▶ **PROBLEM REQUIREMENTS**
Return the lines that run from the beginning of the entries to the line holding "A kid wearing", inclusive, and drop the pictures.

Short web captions
□ □ □ □ □
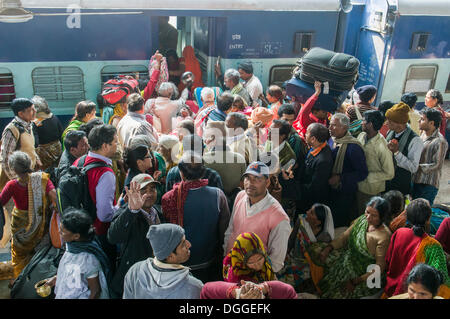 Una folla di gente che spinge all'interno di un treno su una piattaforma della stazione ferroviaria di Allahabad, Uttar Pradesh, India Foto Stock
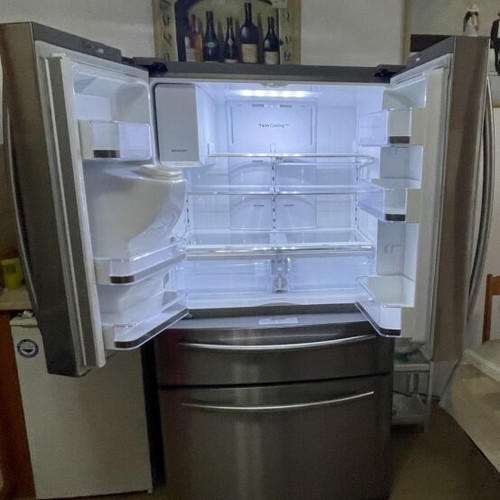 Samsung side by side refrigerator with ice maker and water filter, model FR24FSEDBSR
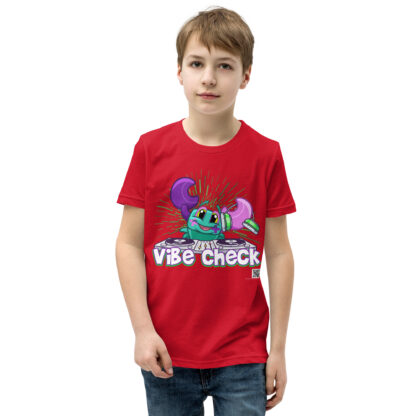 A kid wearing a red shirt with the words " vibe chick ".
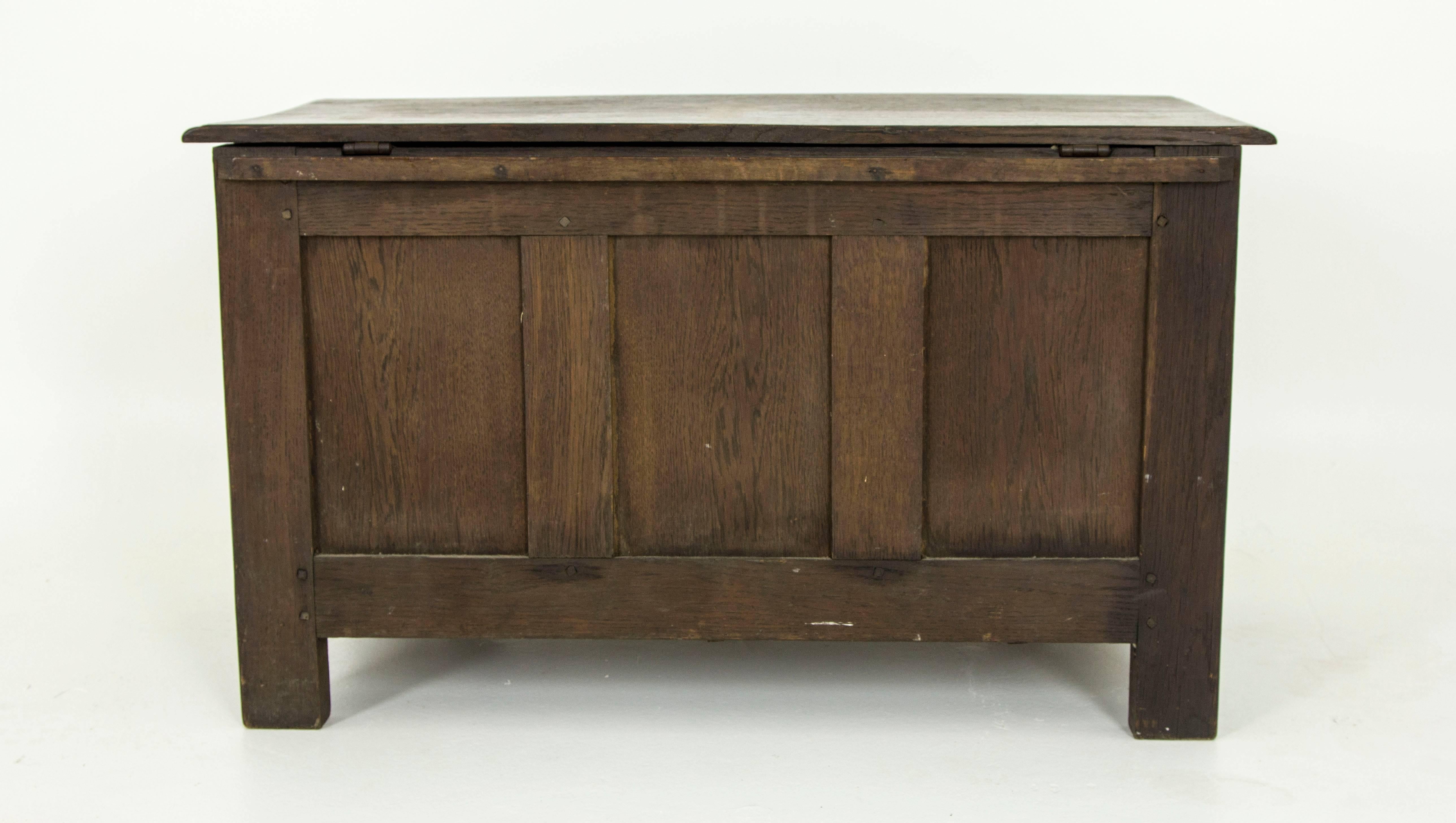 This antique oak blanket box was hand-carved in oak nearly 150 years ago. This is an heirloom quality chest that is bound to be an asset to any decor. 

Scotland, 1880
Solid oak construction
Original finish
Three panel front with carved top and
□ □ □ □ □
▶ **ANSWER SPACE**
 Una folla di gente che spinge all'interno di un treno su una piattaforma della stazione ferroviaria di Allahabad, Uttar Pradesh, India Foto Stock
 Samsung side by side refrigerator with ice maker and water filter, model FR24FSEDBSR
 A kid wearing a red shirt with the words " vibe chick ".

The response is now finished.